• Fact Checked
  • June 12, 2025
  • 7 min read

Can Boric Acid Help Get Rid of BV? What the Science Actually Says

Table of Contents
  1. 1. What Is BV?
  2. 2. What Is Boric Acid and Why Are People Using It?
  3. 3. Does Boric Acid Work for BV?
  4. 4. Is Boric Acid Safe to Use Vaginally?
  5. 5. How to Use Boric Acid Vaginal Suppositories Correctly
  6. 6. Treatment Options for BV
  7. 7. Can You Combine Boric Acid with Antibiotics?
  8. 8. What Are Other Natural Options for BV?
  9. 9. When to See a Healthcare Provider
  10. 10. The Bottom Line – Is Boric Acid Right for You?
  11. 11. How Happy V Supports Vaginal Health
  12. 12. Boric Acid Treatment Timeline

Key Takeaways

  • BV is a common vaginal infection caused by an overgrowth of harmful bacteria in the vaginal microbiome.
  • Boric acid is a naturally ocurring compund, which has antibacterial, antiviral, and antifungal properties.
  • Boric acid doesn't cure BV permanently or on its own, however it's an excellent addition to your doctor prescribed treatment.
  • Do not use boric acid, if you're a child, pregnant or trying to conceive, have kidney disease, have vaginal wounds or experiencing irritation.
  • Some side effects include vaginal irritation and mucosal sensitivity.

You’ve treated BV before—maybe more than once. So why does it keep coming back? Bacterial vaginosis (BV) is a common vaginal infection that can feel like a relentless cycle. With symptoms of BV that include vaginal odor, discharge, and discomfort—plus recurrence rates over 50% within a year—it's no wonder many women are seeking relief beyond standard antibiotics1. Boric acid suppositories have emerged as a promising adjunct—especially for recurrent bacterial vaginosis.

But how effective is it really? Here's what science, clinicians, and the Centers for Disease Control and Prevention (CDC) actually say.

This post is for informational purposes only and does not constitute medical advice. See full disclaimer below.

 

What Is BV?

Bacterial vaginosis (BV) is the most common cause of abnormal vaginal discharge in women of reproductive age2. It occurs when there is an overgrowth of harmful bacteria that disrupt the balance of the vaginal microbiome—typically resulting in reduced levels of protective Lactobacillus species. BV is not classified as a sexually transmitted infection (STI)3, but new or multiple sexual partners can increase risk4. Common symptoms include a fishy odor, thin grey or white discharge, and vaginal itching—though some women have no symptoms at all.

 

What Is Boric Acid and Why Are People Using It?

Boric acid (H3BO3) is a naturally occurring compound derived from boron. It’s known for its antibacterial, antifungal, and antiviral properties5. In gynecology and women’s health, intravaginal boric acid has been used for over a century to treat conditions like vaginitis, yeast infections, and BV6.

Unlike conventional antibiotics, which can sometimes lead to resistance or recurring infections, boric acid works by helping restore vaginal flora and acidify pH levels. It’s widely available as over-the-counter boric acid suppositories, or by prescription from compounding pharmacies.

 

Does Boric Acid Work for BV?

The scientific consensus is still forming—but promising data suggests boric acid can play a valuable role in treating BV infections, especially when used alongside standard treatments.
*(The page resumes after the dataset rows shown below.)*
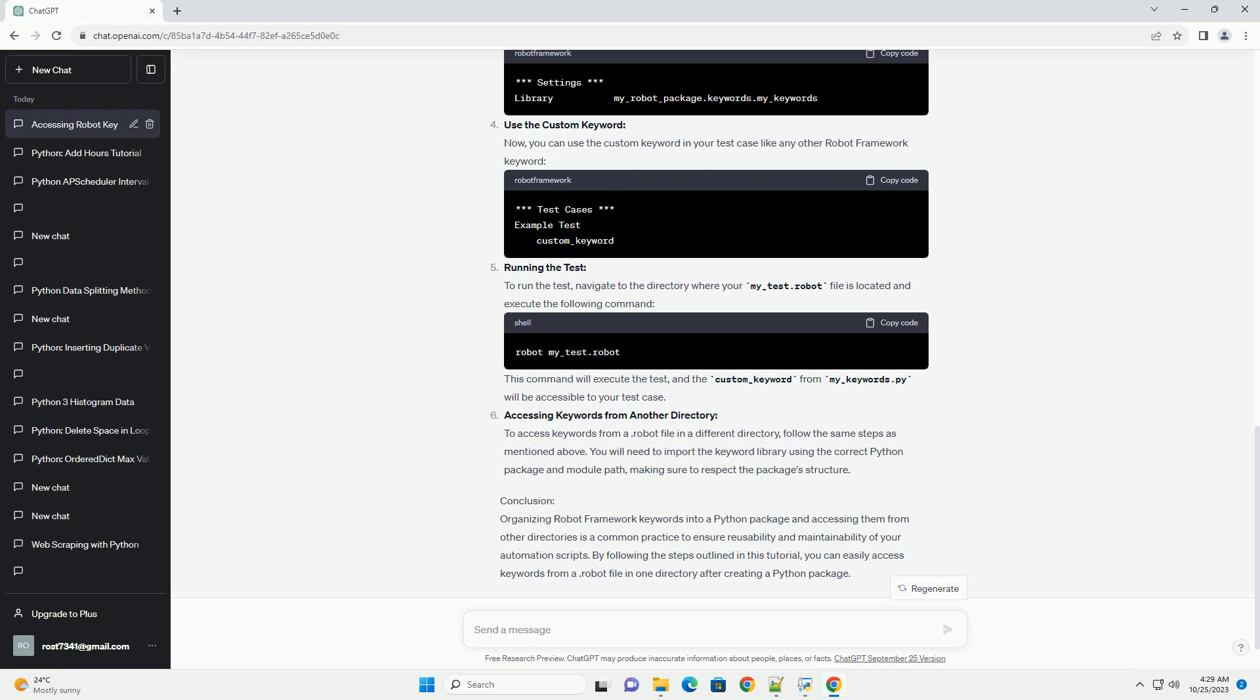By following the steps outlined in this tutorial, you can easily access keywords from a .robot file in one directory after creating a Python package. ChatGPT.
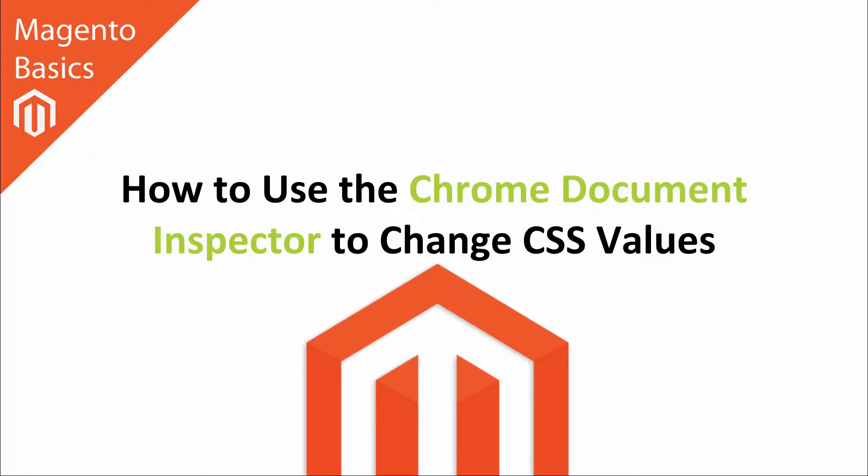Hi, I'm Matt and I'm Dave. In this Magento Basics tutorial, you're going to learn how to use the Chrome Document Inspector to change CSS values.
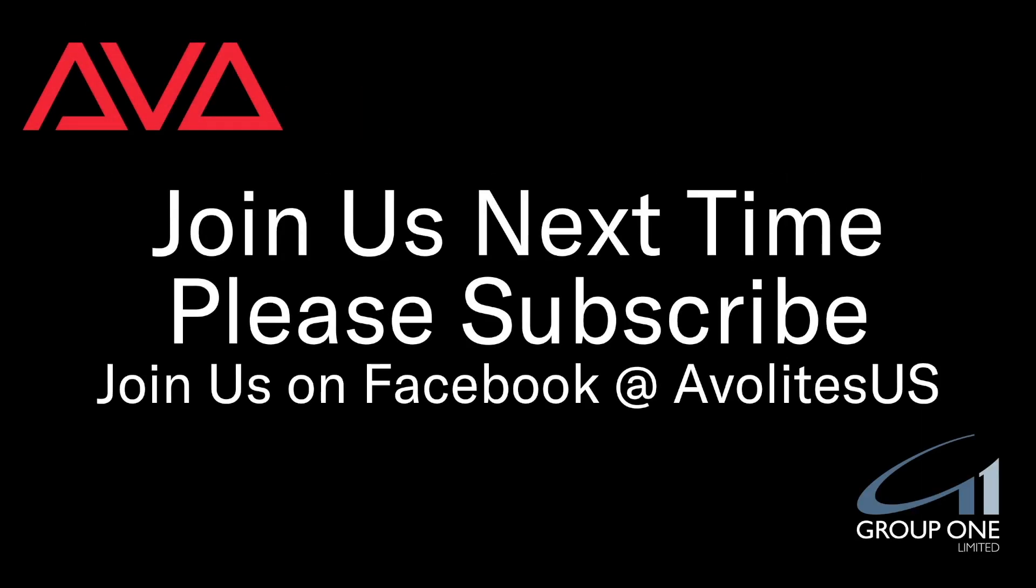Hope you learned something. Join us on Facebook at eviletsus. Join us here next time. Please subscribe. Thanks. Bye.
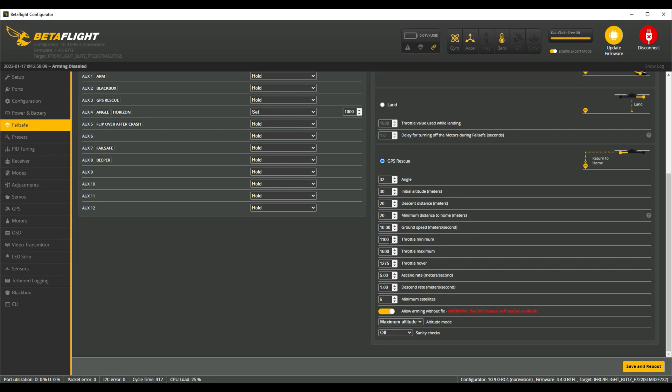Throttle minimum, I left these as standard, 1100, maximum 1600. Throttle hover 12.75 on this particular model, these may vary depending on your model. The ascend rate is 5 metres a second, and my descend rate is 1 metre a second. Although, depending on your GPS lock, as we've seen in the videos, it's not always 1 metre a second, there's some scary drops that happen.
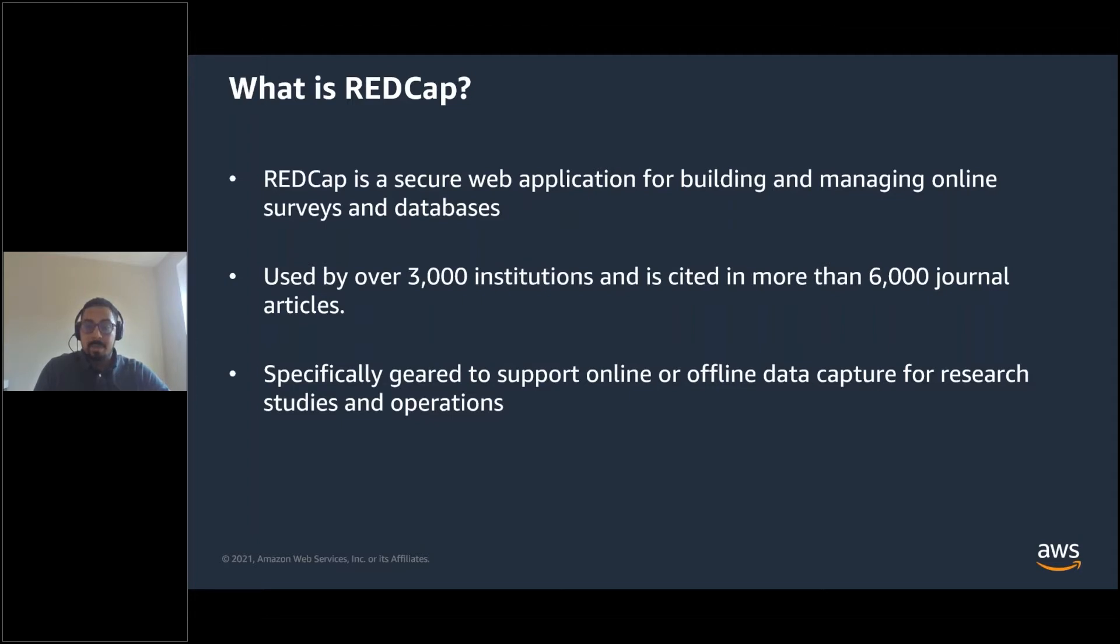The RedCap Consortium, a vast support network of collaborators, is composed of thousands of active institutional partners in over 100 countries who utilize and support RedCap in various ways.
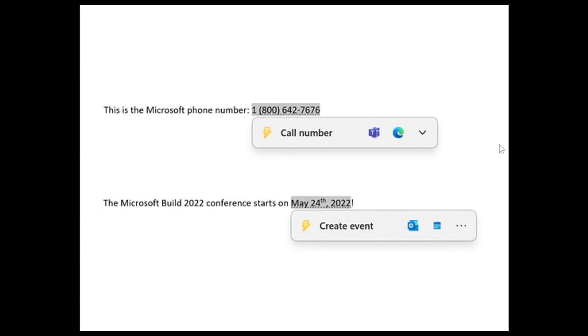Now just a quick recap. The suggested actions menu, in case you're unaware, is a feature that automatically appears whenever you copy a phone number, as we can see here at the top, or a date here at the bottom, and provides contextual actions based on what has been copied.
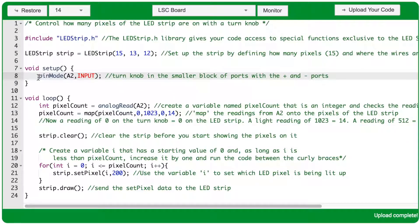Within the void setup function, use the pinMode function to set port A2 as an input. This is going to be on the smaller block of ports at the bottom of MakerBoard. The turn knob is reversible, so as long as the center pin is in the A2 port, you can turn it either way and have either outside pin in the port plus or port minus.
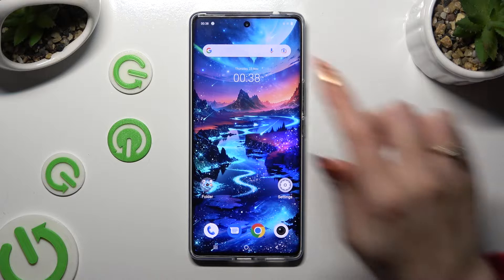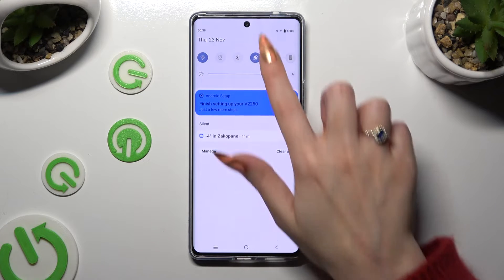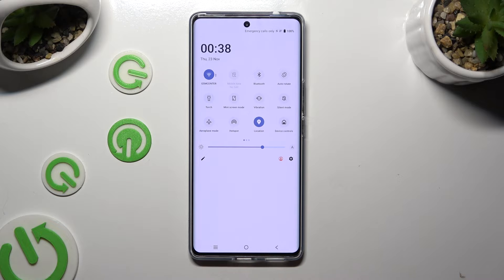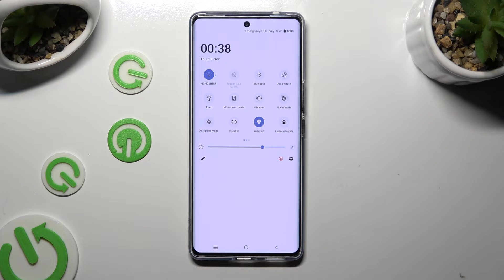Begin by going into the top menu and looking for the auto-rotate shortcut. When you find it, click on it. As you can see, mine is now grey, which means that auto-rotation is disabled. But you can always enable it by hitting the same tile again.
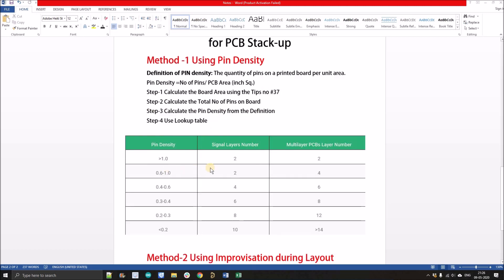Step 3 is to calculate the pin density from the formula and then use the lookup table. For example, if the pin density is greater than 1, the number of signal layers is 2 and the multilayer PCB layer count is 2. If the pin density is between 0.6 and 1, the number of layers will be 4 with 2 signal layers. This table can handle designs with more than 40 layers.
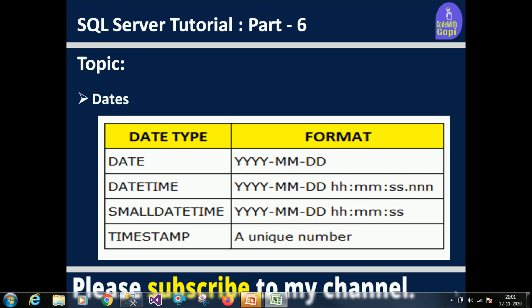We have different data types in SQL Server, and dates are one of them. In the date category we have different types: date, datetime, small datetime, and timestamp.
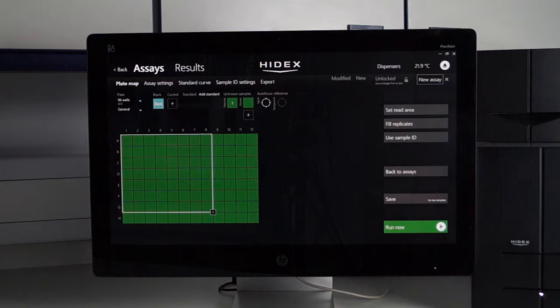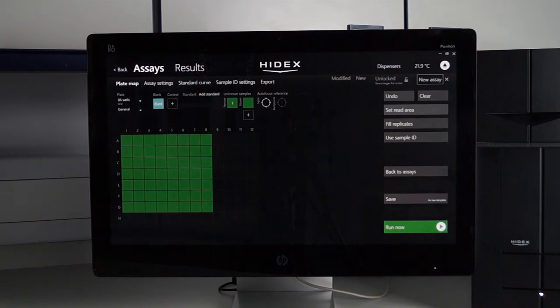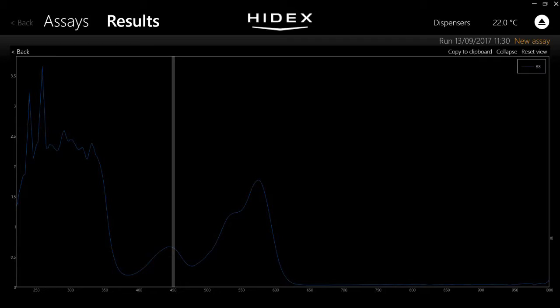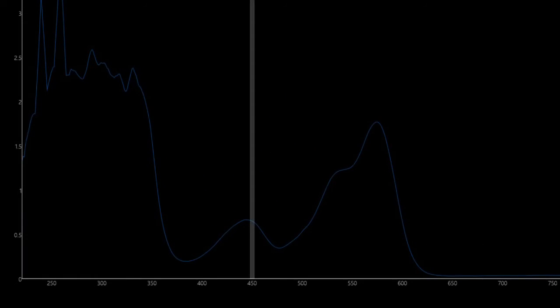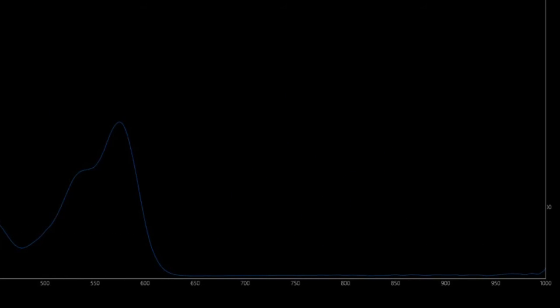Many plate readers on the market use a specific optical filter to measure absorbance, however the HydexSense uses a spectrograph which is capable of reading the samples across the full wavelength spectrum of 220 to 1000 nanometers.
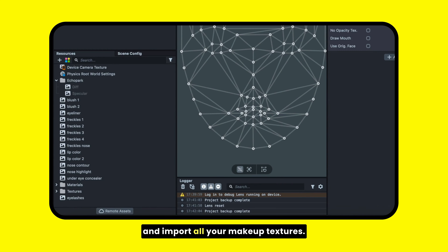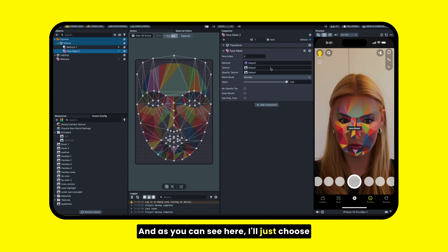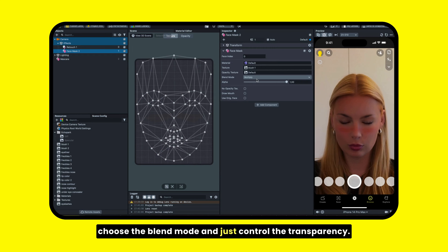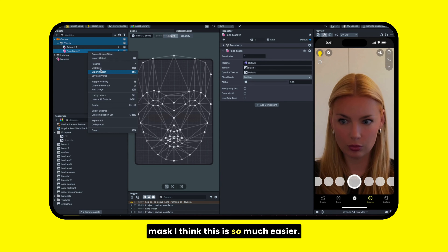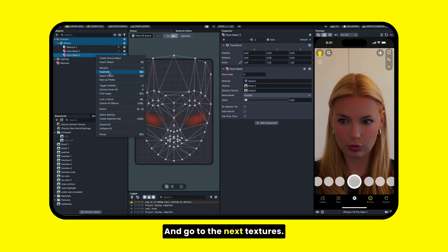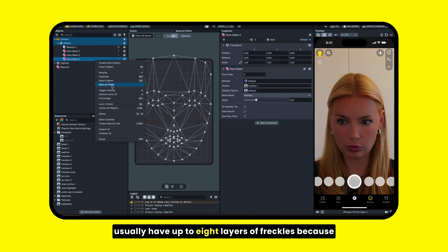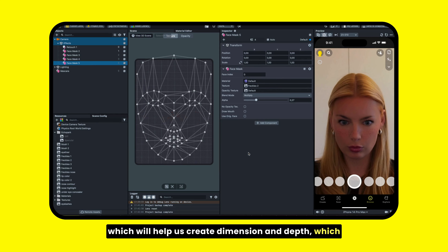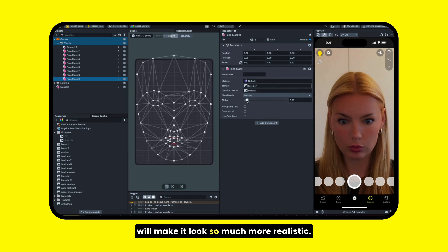Step two is to download or open Lens Studio and import all your makeup textures. Then you just start adding the face mask, and as you can see here, I'll choose my first texture, which is blush, then choose the blend mode and control the transparency. I duplicate my face mask and move to the next textures. For the freckles, I have up to eight layers, because it's so much easier to control the transparency, which creates dimension and depth, making it look much more realistic.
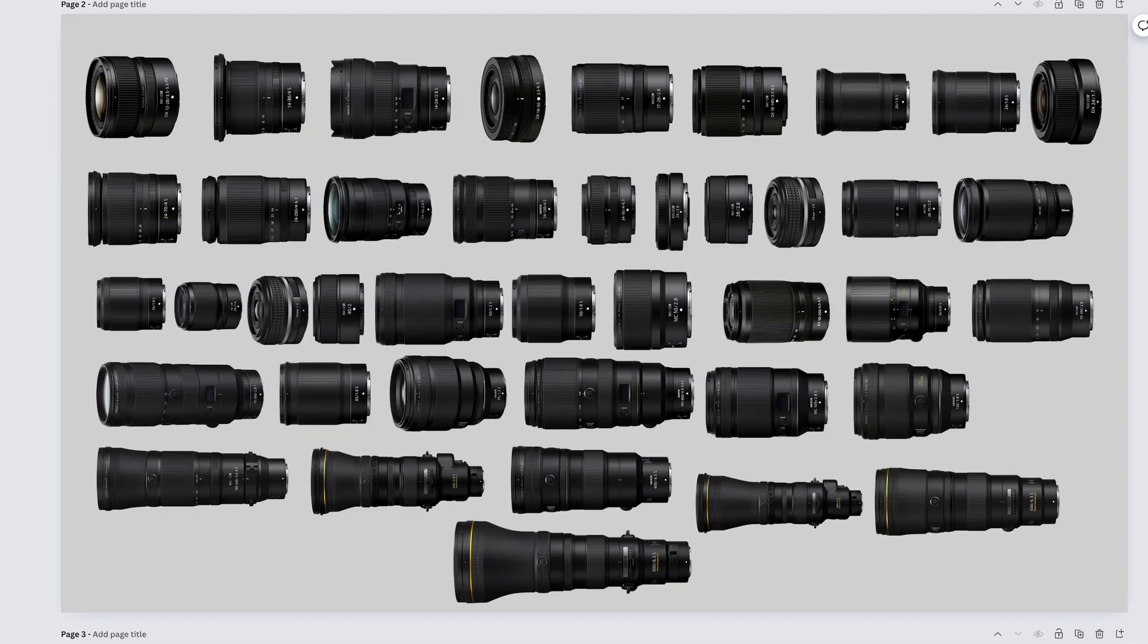If you want to pick up any of these lenses, there'll be a link in the description. It doesn't cost you any more money, it just helps out the channel. I'm Z-Wade, the Z-Wade, and Z-Wade Photo. Stay sharp, YouTube.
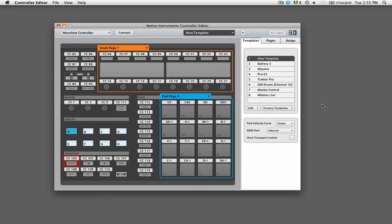To remedy this problem, Native Instruments implemented the host transport controls feature. By using this feature, the Maschine controller will send MIDI data to your DAW when you use the transport controls, while all of the other buttons and knobs will continue to affect the Maschine VST.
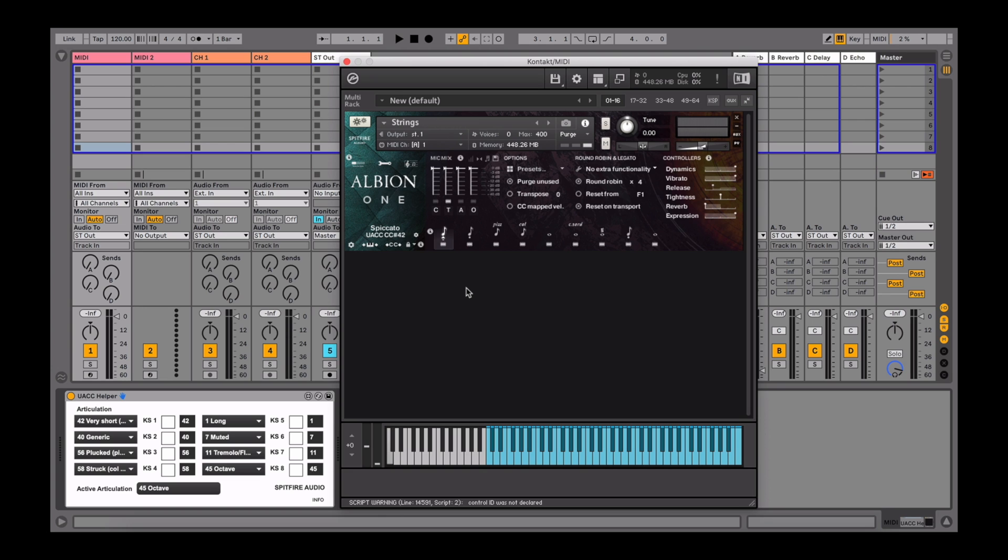Once that's been done, you'll see a CC value applied to the active articulation. In this case, it's Spiccato with a CC value of 42. This can be used as a reference guide on how to apply the CC values in the UACC helper.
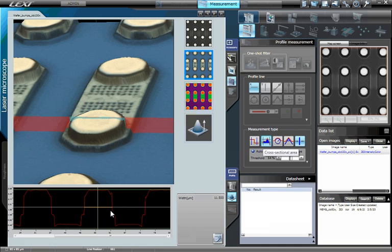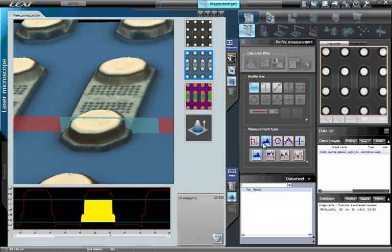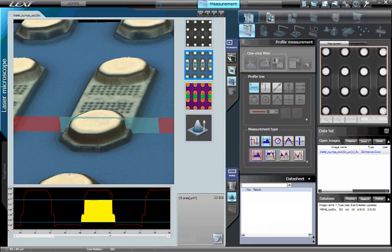The cross-sectional area of these wafer bumps can also be measured by clicking on the button Cross-sectional Area as the measurement type. Choose to measure the area of a peak or valley with a single straight threshold line or with two horizontal and vertical lines. In this example, we will choose to measure the peak between two horizontal and vertical lines.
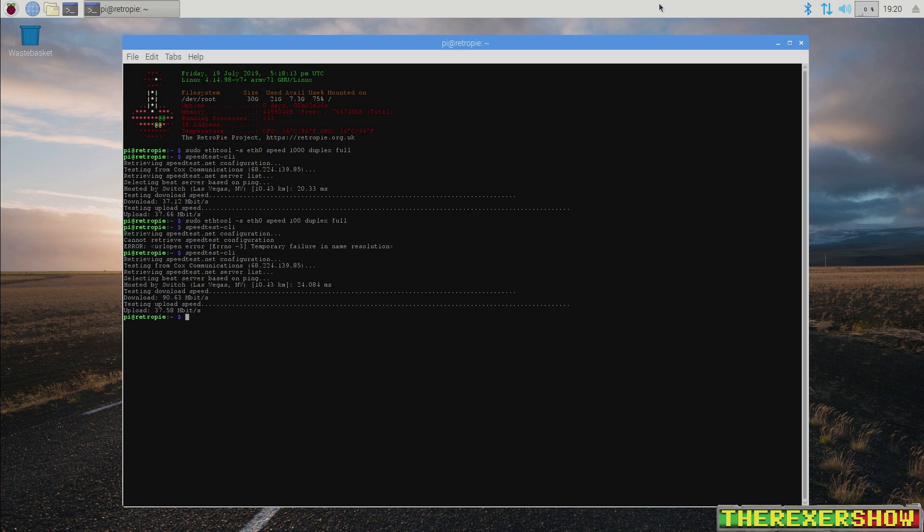Now, why this is important to me is because if you watch my channel, I like to do net play on the Raspberry Pi. And obviously the faster speeds, the better connection, the better connection your peer is going to get. So I really wanted to get these speeds up. And that was one of the reasons actually I bought a Pi 4.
  • It helps lower vaginal pH, disrupting the overgrowth of anaerobic bacteria.
  • It may break down bacterial biofilms that protect BV-causing microbes from antibiotics7.

Key Study Highlights:

  • A retrospective review reported over 88% cure rates at 12 weeks when boric acid was added to antibiotic therapy8.
  • A 2021 study found adjunctive boric acid improved BV treatment outcomes9.
  • A phase 2 clinical trial of a boric acid/EDTA insert (TOL-463) showed 59% cure rates—but lacked comparison to standard antibiotics10.
  • The BASIC study is the first randomized controlled trial evaluating if intravaginal boric acid is non-inferior to metronidazole11.

While promising, no randomized controlled trial has proven boric acid monotherapy equals antibiotics. More data is needed before it can be considered a primary option.

How Soon Does Boric Acid Work?

Most suppositories begin dissolving within minutes. Many women report symptom relief within 24–48 hours, though full treatment typically takes:

  • 7–14 days for acute infections12
  • 21 days for recurrent BV (post-antibiotic)13
  • Ongoing 2x/week maintenance for relapse prevention14

Can It Cure BV Permanently?

No. Even antibiotics fail to permanently treat BV due to microbial complexity and vaginal flora imbalance. However, boric acid appears to reduce recurrence, especially in women with chronic or recurrent infections.

 

Is Boric Acid Safe to Use Vaginally?

When used correctly, boric acid is generally well-tolerated. However, the CDC and clinicians emphasize it should only be used intravaginally and avoided in certain populations15.

Who Should Not Use It:

  • Pregnant women or those trying to conceive
  • Women with vaginal wounds or irritation
  • Individuals with kidney disease
  • Children

Known Side Effects:

  • Vaginal irritation (burning, redness, or watery discharge)
  • Mucosal sensitivity in <10% of users16
  • Systemic absorption is low but can be increased if the vaginal lining is damaged17
  • Oral ingestion is toxic and potentially fatal

Boric acid is not FDA-approved for vaginal use. Despite this, it is widely used and recommended off-label by women’s health professionals18.

 

How to Use Boric Acid Vaginal Suppositories Correctly

💡Happy V Tip: Boric acid can help relieve symptoms—but it won’t rebuild your microbiome. For long-term results, pair it with a clinically backed probiotic to treat the root cause of recurring BV.

Dosage & Duration:

  • 600 mg intravaginally at bedtime
  • 7–14 days for treatment, 21 days post-antibiotic, 2x/week for maintenance

Best Practices:

  • Use a clean applicator for insertion
  • Wear a liner (some discharge is normal)
  • Avoid sex and tampons during treatment
  • Store away from children
  • Never take boric acid orally

 

Many women who use boric acid suppositories find symptom relief from fishy odor, discharge, and vaginal itching within a few days—but always finish the full course.

 

Treatment Options for BV

The first-line treatment for BV typically includes antibiotics such as metronidazole or clindamycin, available in oral or vaginal formulations. However, recurrence rates remain high. Alternative or adjunctive treatment options include:

  • Boric acid suppositories (especially for recurrent BV)
  • Probiotics to restore vaginal flora
  • Lifestyle adjustments, such as avoiding douching and using condoms

If BV keeps coming back, consult your provider about combining therapies.

 

Can You Combine Boric Acid with Antibiotics?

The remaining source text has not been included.